Your goal: Using the line with "Will Auckland take" as your starting point, transcribe it and each line beneath it word for word until the records run out, without pictures.

(Caption-style text data)
◇ ◇ ◇ ◇
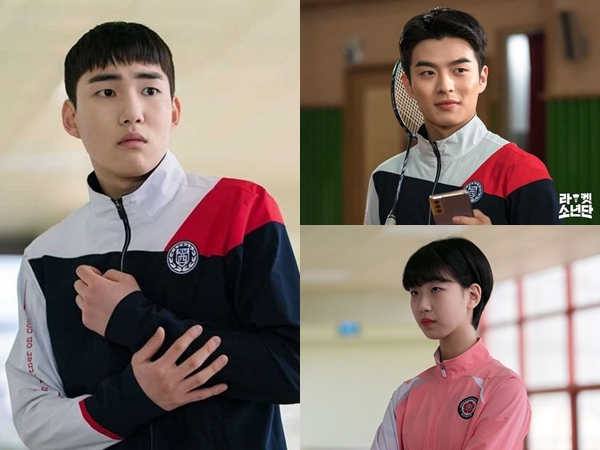 Profil Pemain Drama ‘Racket Boys’, Artis Muda Penuh Bakat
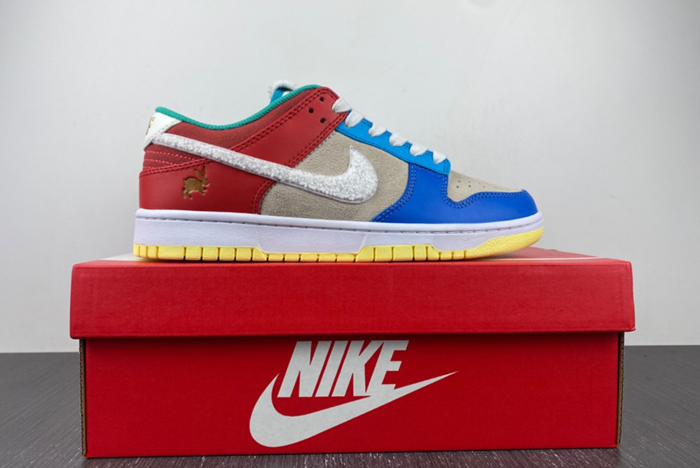 （NIKE）Dunk SB low FD4203-111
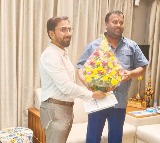 Mandi Palli Ram Prasad Reddy Receives Proposal from Resurgent India on AP Transport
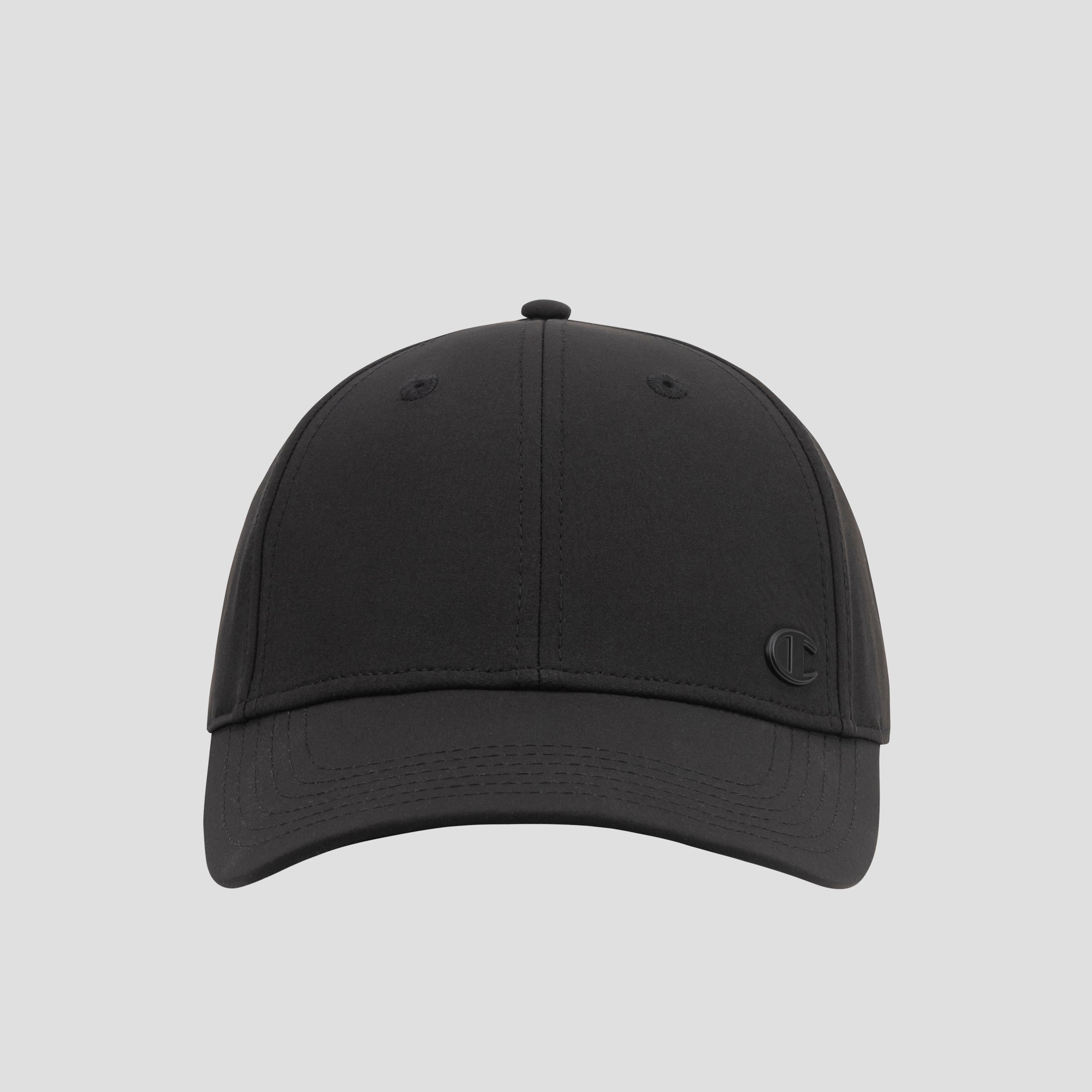 Champion Ponytail Casquette baseball noire stretch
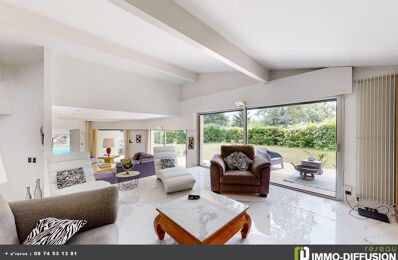 vente maison 753 000 € à proximité de Bretagne-de-Marsan (40280)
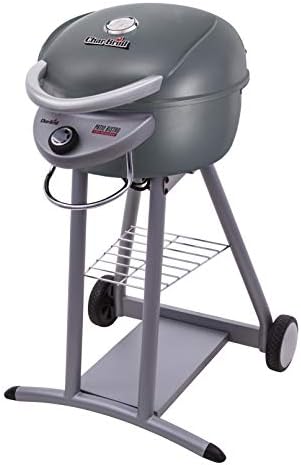 Char-Broil® Patio Bistro® TRU-Infrared Electric Grill, Graphite - 20602108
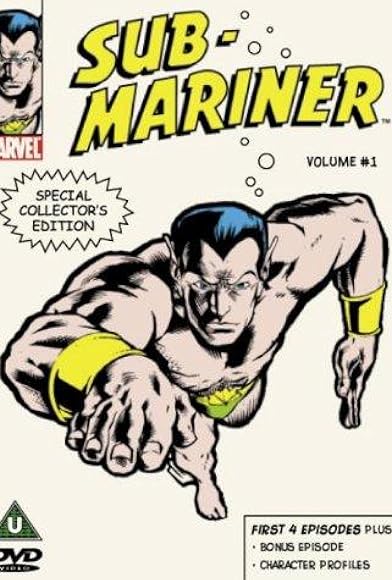 Primary photo for The Sub-Mariner Primary photo for The Sub-Mariner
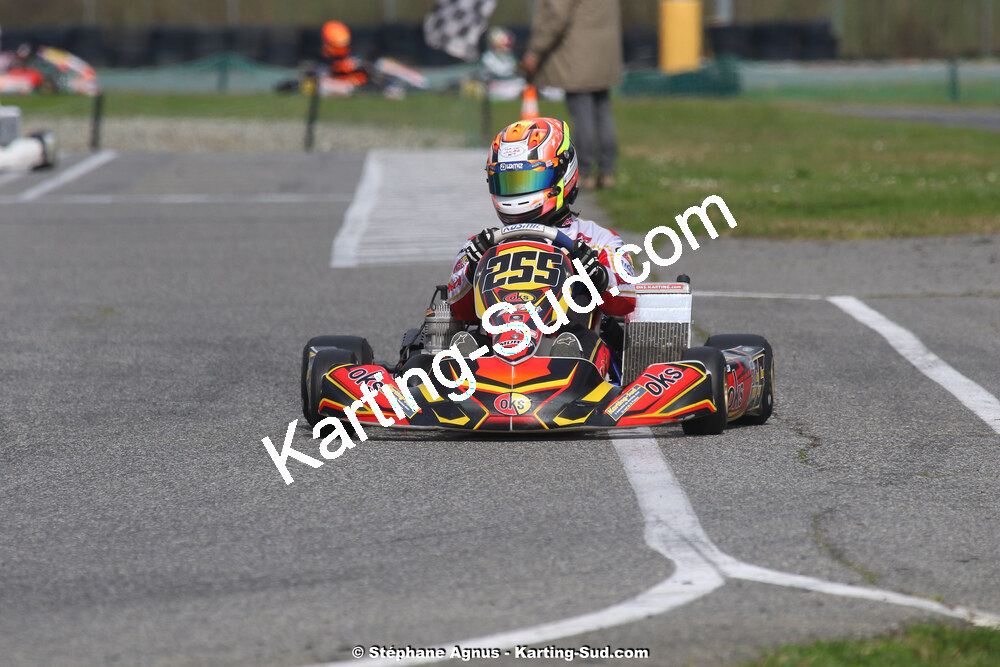 07 & 08/03/2020 : 1ère manche du Championnat du Sud 2020 à Muret (photos Stéphane Agnus) 2020 — karting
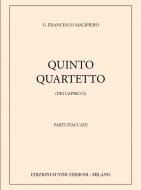 Quinto Quartetto 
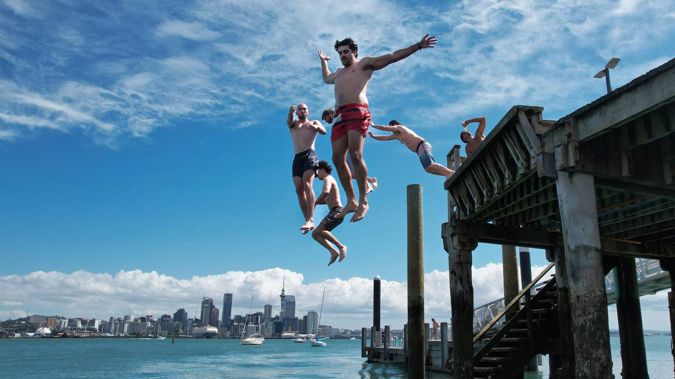 Will Auckland take the plunge into alert level 3.3 tomorrow? Cabinet is set to decide but experts say it wouldn't be in the best interests of public health. Photo / Brett Phibbs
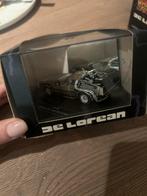 DeLorean Back to the Future Modelauto, Ophalen of Verzenden, Zo goed als nieuw, Auto, Overige merken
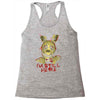 five nights at freddy's springtrap Racerback Tank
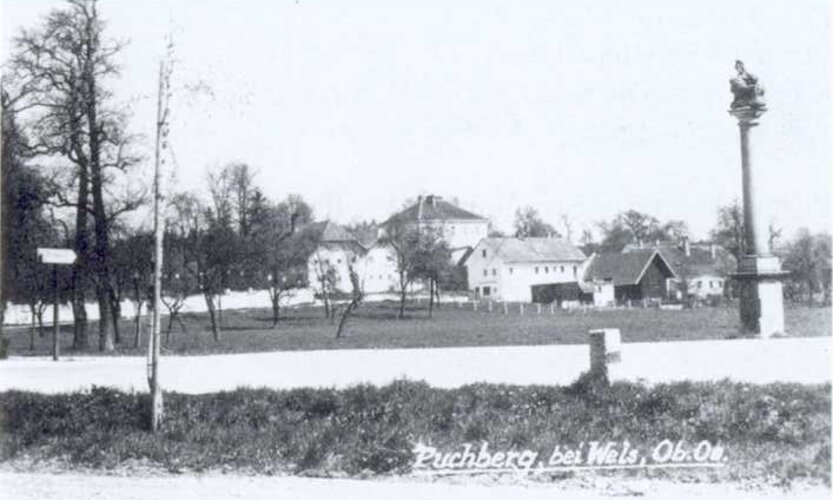 Pieta, Puchberg, Wels | © Steinerberger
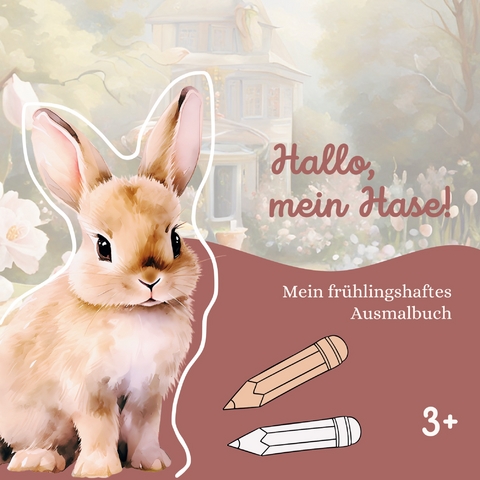 Hallo, mein Hase! - Nina Svoboda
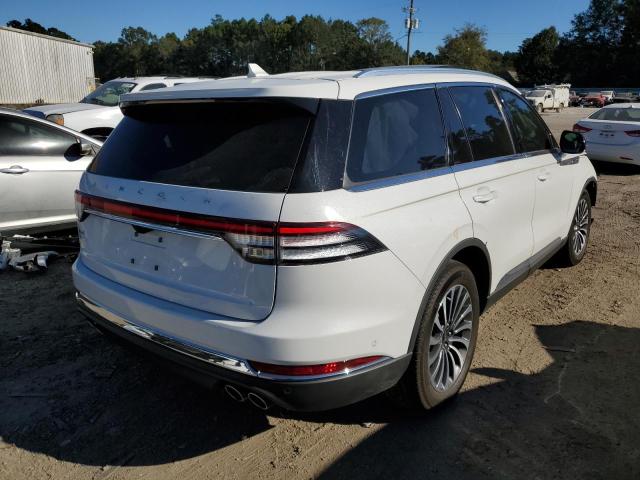 5LM5J7WCXLGL27605 - 2020 LINCOLN AVIATOR RE 白色 照片 4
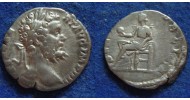 Septimius severus - SECURITAS  scarce! (AU1948)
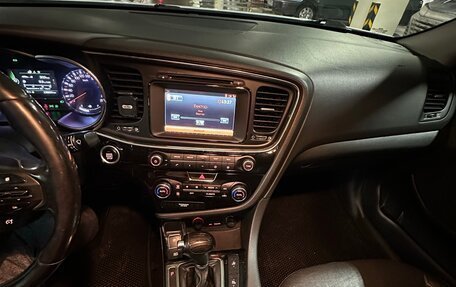 KIA Optima III, 2013 год, 1 390 000 рублей, 6 фотография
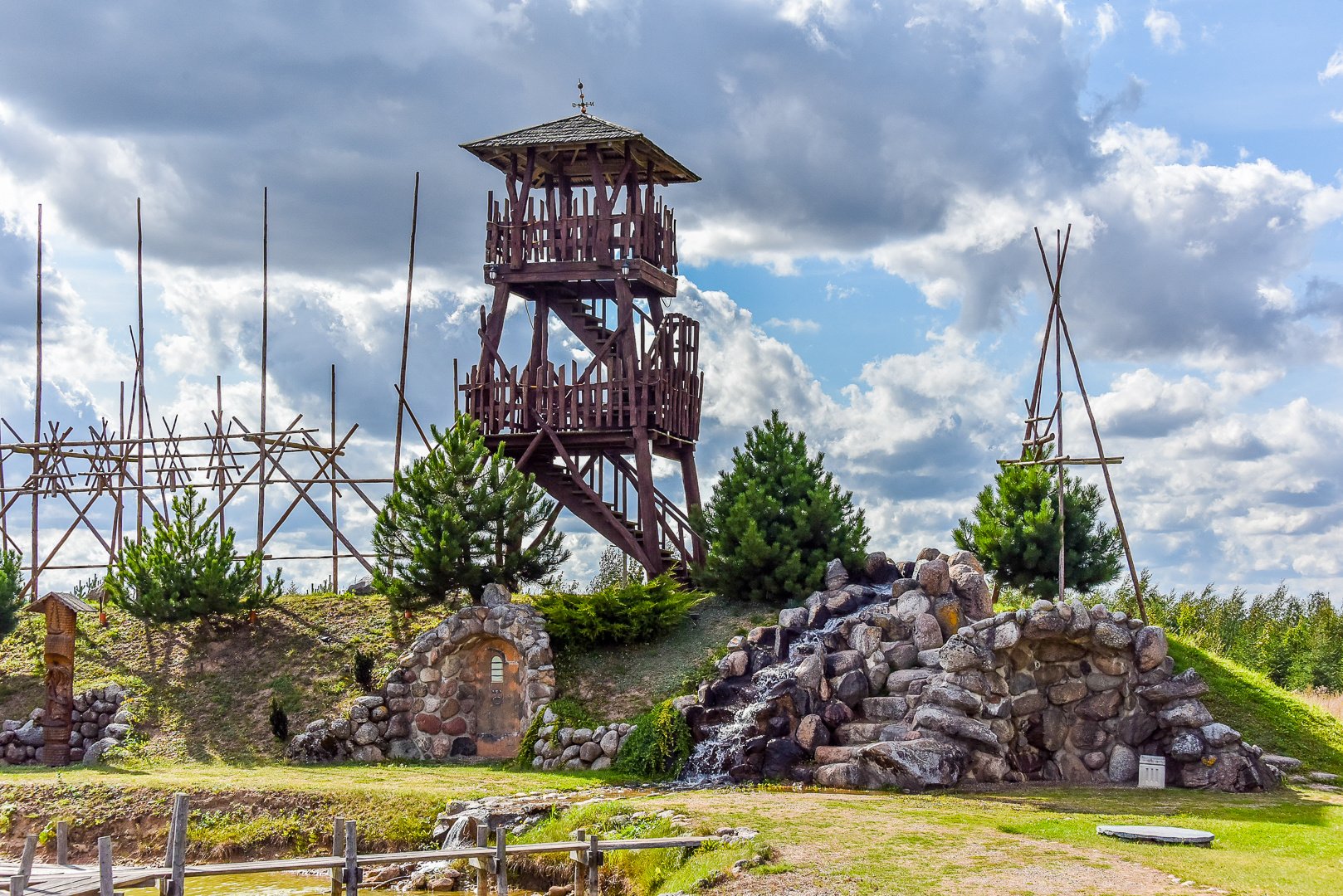 Mergvakarių – bernvakarių šventės vieta  Vieta Jūsų šventei!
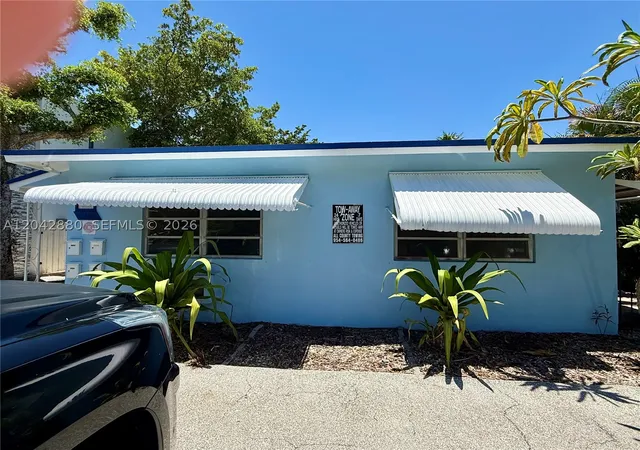 Photo 2 of Multi family home for sale at 1417 Ne 5th Ave, Fort Lauderdale, FL 33304 | MLS# A12042880 | Listing updated on 2026-09-14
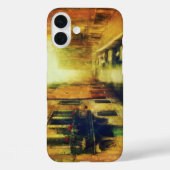 Venetië Canal Balkon Schilderij Case-Mate iPhone Case (Achterkant)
◇ ◇ ◇ ◇
Expected answer:
 Will Auckland take the plunge into alert level 3.3 tomorrow? Cabinet is set to decide but experts say it wouldn't be in the best interests of public health. Photo / Brett Phibbs
 DeLorean Back to the Future Modelauto, Ophalen of Verzenden, Zo goed als nieuw, Auto, Overige merken
 five nights at freddy's springtrap Racerback Tank
 Pieta, Puchberg, Wels | © Steinerberger
 Hallo, mein Hase! - Nina Svoboda
 5LM5J7WCXLGL27605 - 2020 LINCOLN AVIATOR RE 白色 照片 4
 Septimius severus - SECURITAS  scarce! (AU1948)
 KIA Optima III, 2013 год, 1 390 000 рублей, 6 фотография
 Mergvakarių – bernvakarių šventės vieta  Vieta Jūsų šventei!
 Photo 2 of Multi family home for sale at 1417 Ne 5th Ave, Fort Lauderdale, FL 33304 | MLS# A12042880 | Listing updated on 2026-09-14
 Venetië Canal Balkon Schilderij Case-Mate iPhone Case (Achterkant)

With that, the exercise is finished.